Most of the order increase was from daily necessities as foreign retailers started buying for the coming Christmas shopping season, said Zeng Shuiliang, an expert with the Yangtze Delta Region Institute of Tsinghua University.
On the longer-term, this could redistribute the economy of the region and favor the development of regions until left far behind in their economic development:
Besides the economic uncertainties that may hinder employment, some far-sighted experts are pointing to labor resource conflicts between the country’s coastal region and the relatively under-developed western region.
In southwestern Chongqing, one of the country’s major sources of migrant workers, going to the east coast to be a migrant worker is no longer an attractive option.
Compared with Chongqing, the earning in the coastal regions was not as attractive as it used to be, said Sun Huiju, manager of a local labor service export agency.
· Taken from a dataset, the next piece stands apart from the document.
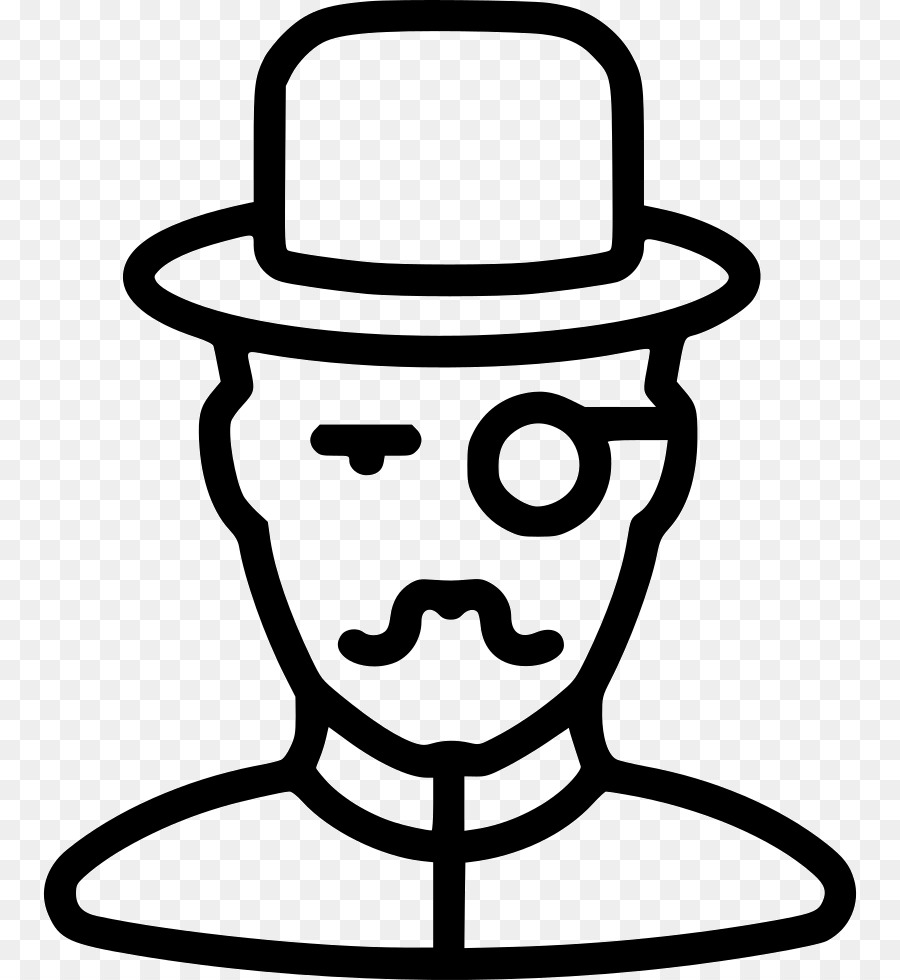 Homme Monocle，Chapeau PNG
Meanwhile, many of these home-returning migrant workers got re-employed locally and did not want to leave their hometown again, Sun said.
Labor resource conflict between the country’s east and west would be natural in the long term as the western regions’ economic development picked up and people’s earnings increased, said Wang Ying, a workforce official in Chongqing.
The backflow of migrant workers to the western regions would help industrial structure adjustment, Wang said.
However, even as the recovery appears to be still weak on the global plane and as inventory reconstitution can only go so far, the Chinese authorities have started addressing the issues of overcapacity we have been talking about on this blog for some times now.
China’s cabinet said it will make efforts to curb overcapacity and investment in the steel and cement industries, among others that may be overheating due to China’s stimulus plan, AP reported, citing state media. Industry regulators will “enhance management†of other industries including flat glass, wind power, polysilicon production and chemicals, the Xinhua New Agency reported, following a cabinet meeting led by Premier Wen Jiabao. The cabinet also said it would take measures to strictly enforce both environmental standards and market access. China’s US$586 billion economic stimulus package has led steel and cement manufacturers to step up production for public works projects, leading some economists and business leaders to warn of excess capacity across industries.